WHAT YOU SHOULD DO: Reproduce everything from the line that contains "Kangaroo Dog Canidae" down to the line that contains "Gardener planting flowers" in the listing below, word for word and nothing more. Leave the pictures out.

DATA SECTION:
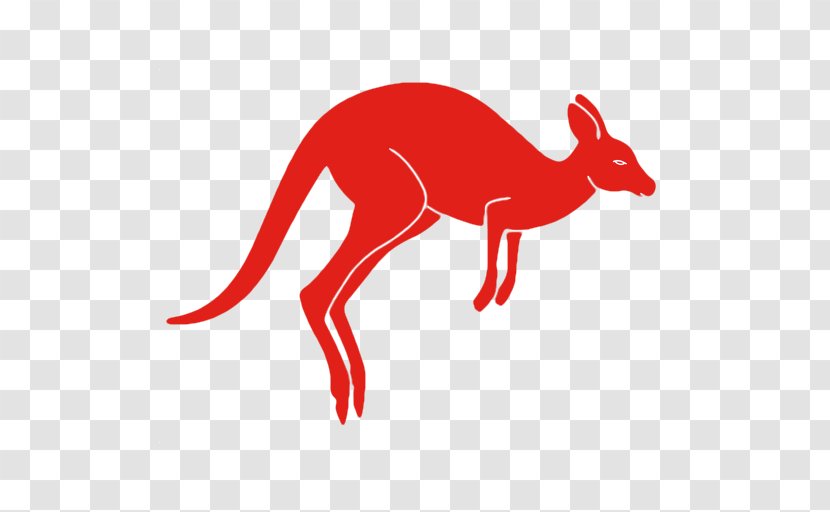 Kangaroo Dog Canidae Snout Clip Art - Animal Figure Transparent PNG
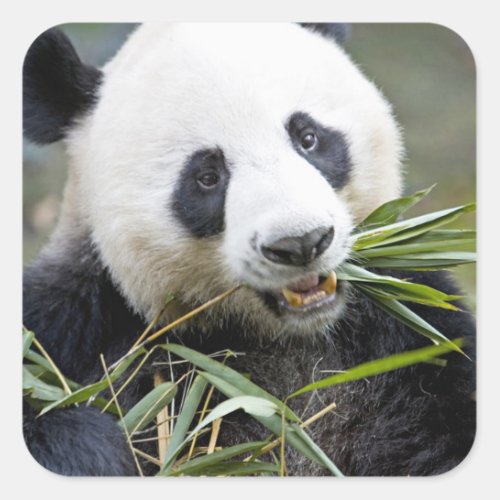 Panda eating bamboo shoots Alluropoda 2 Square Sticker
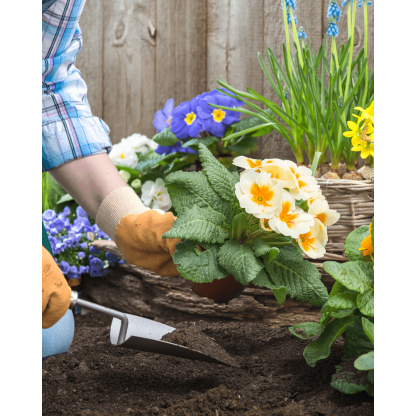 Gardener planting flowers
* * *
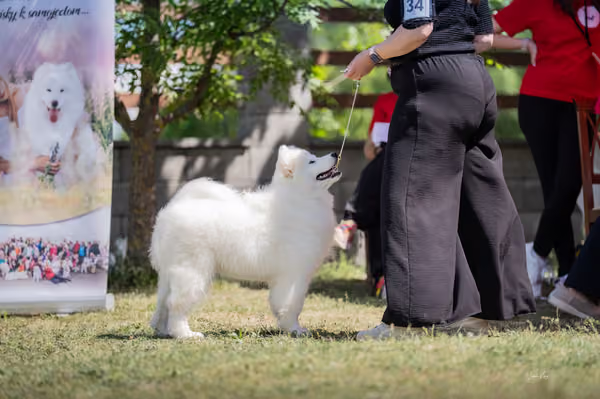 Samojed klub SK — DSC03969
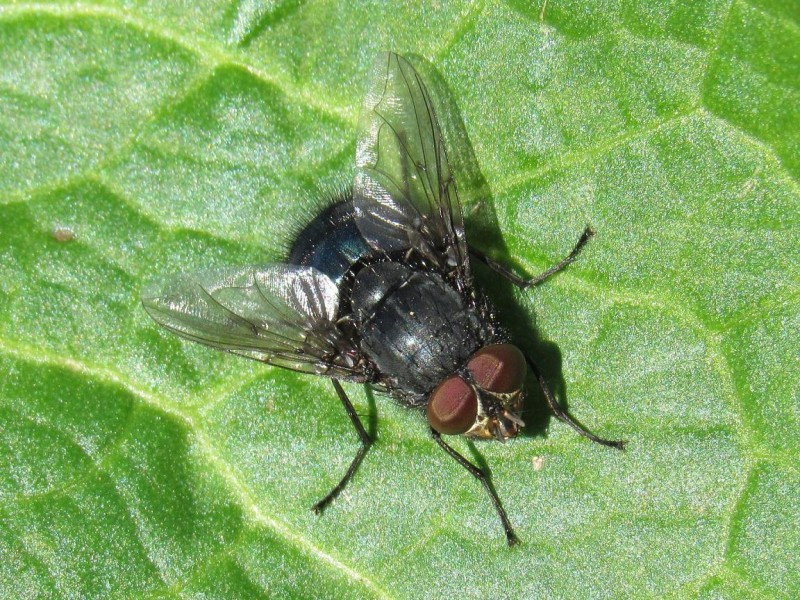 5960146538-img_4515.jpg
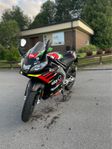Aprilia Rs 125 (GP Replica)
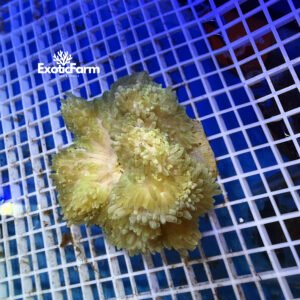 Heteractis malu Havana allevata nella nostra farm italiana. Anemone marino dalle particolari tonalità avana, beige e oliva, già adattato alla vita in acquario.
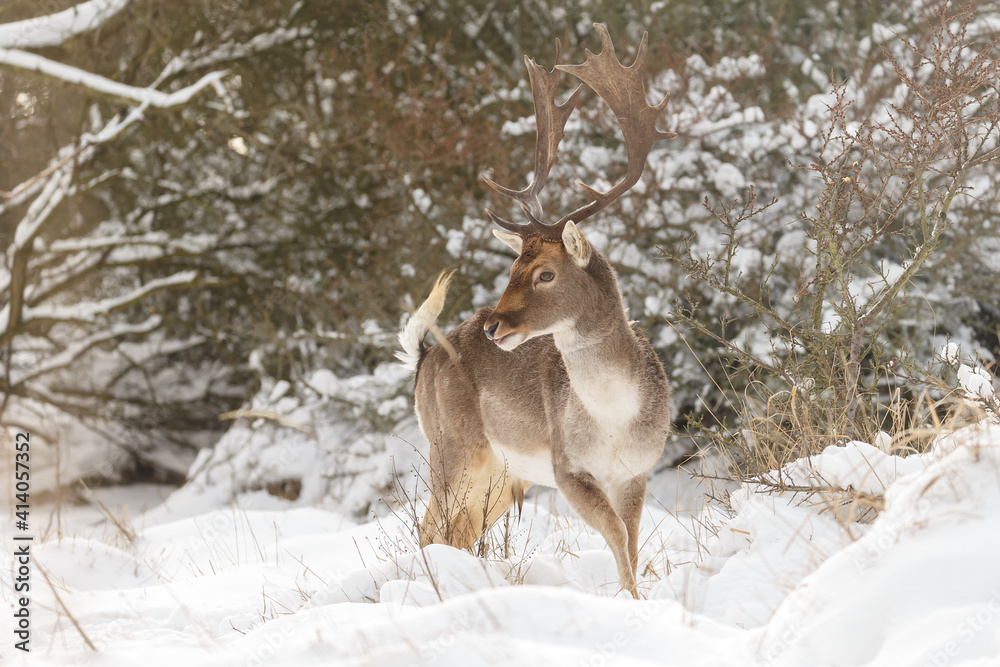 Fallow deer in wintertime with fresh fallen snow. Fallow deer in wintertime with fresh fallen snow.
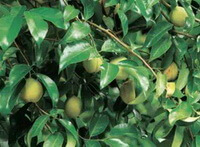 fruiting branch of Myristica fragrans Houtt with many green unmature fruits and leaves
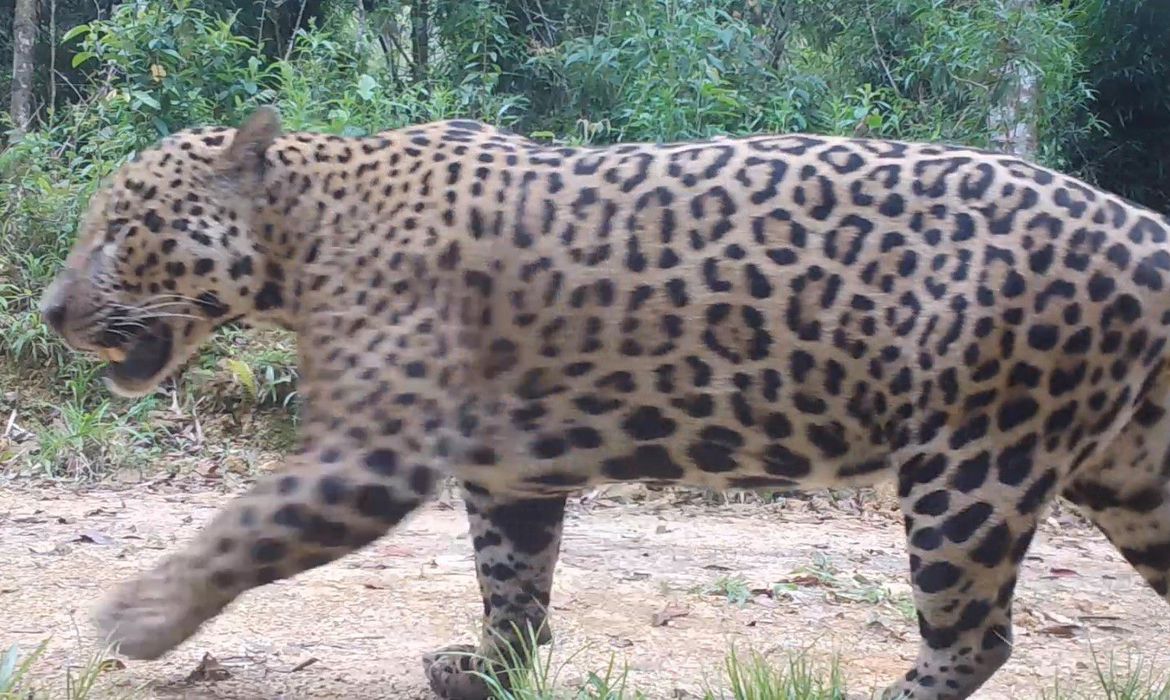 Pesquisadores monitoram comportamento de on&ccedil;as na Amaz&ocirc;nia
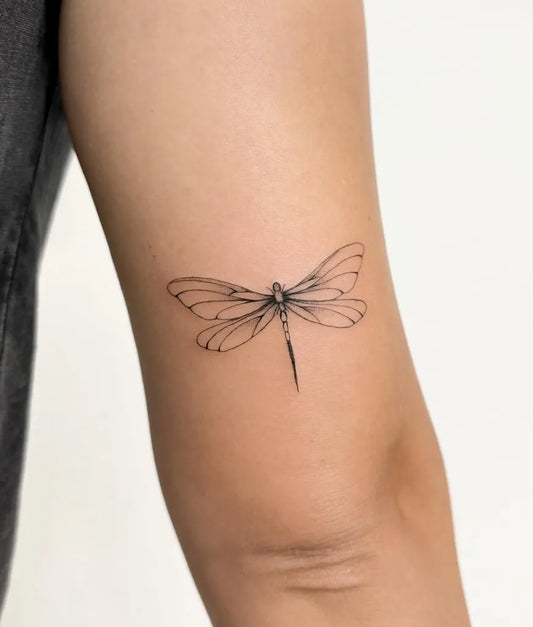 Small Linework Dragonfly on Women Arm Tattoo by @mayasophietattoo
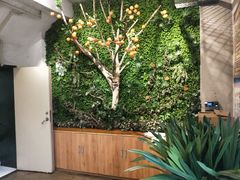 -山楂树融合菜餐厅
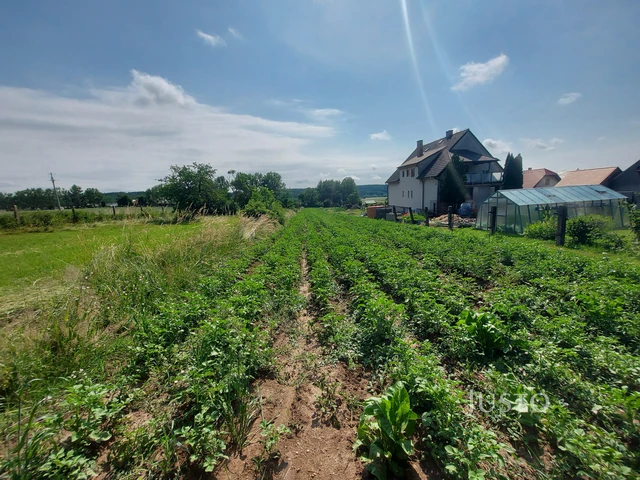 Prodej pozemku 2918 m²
...
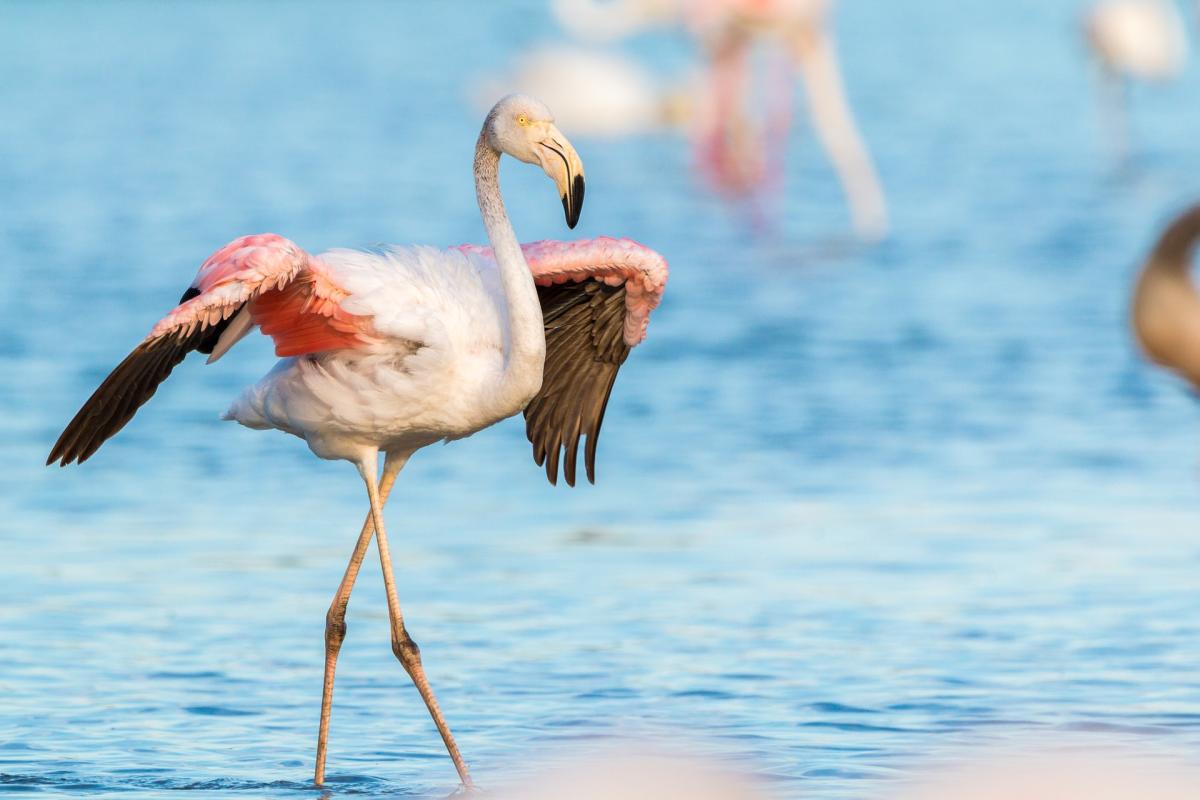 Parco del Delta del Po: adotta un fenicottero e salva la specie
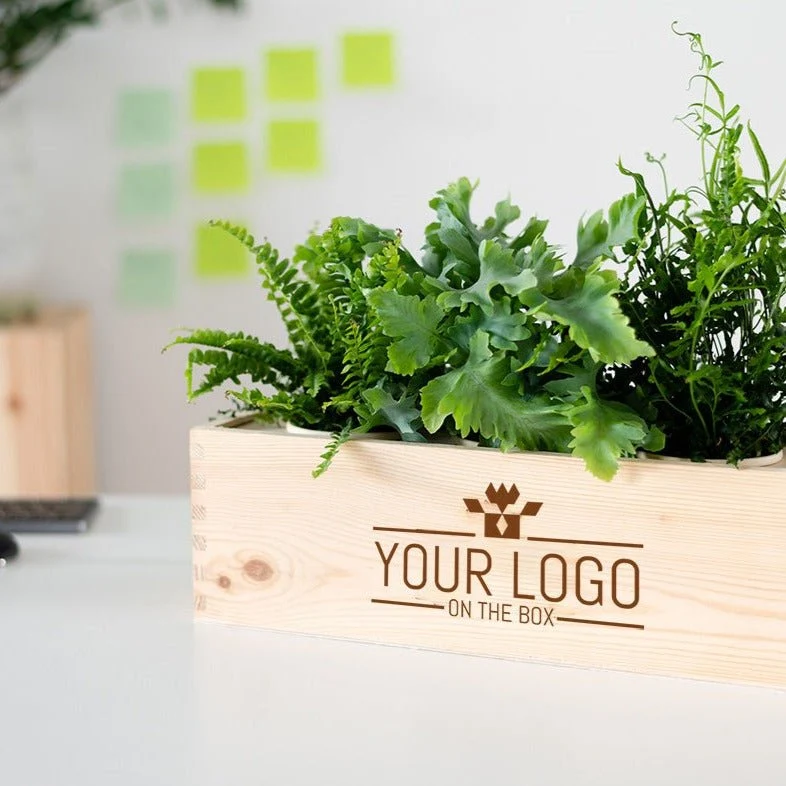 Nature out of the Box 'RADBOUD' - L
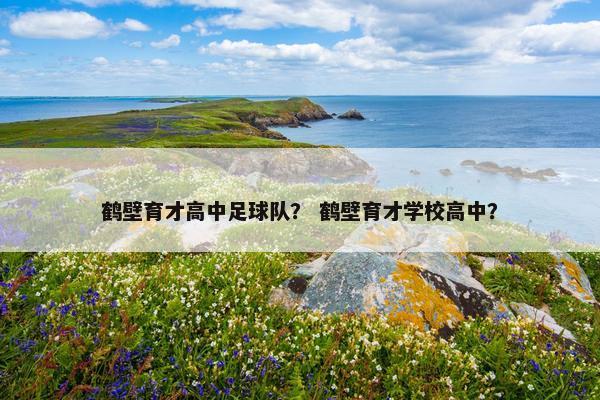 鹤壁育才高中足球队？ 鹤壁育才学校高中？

WRITTEN ANSWER:
 Kangaroo Dog Canidae Snout Clip Art - Animal Figure Transparent PNG
 Panda eating bamboo shoots Alluropoda 2 Square Sticker
 Gardener planting flowers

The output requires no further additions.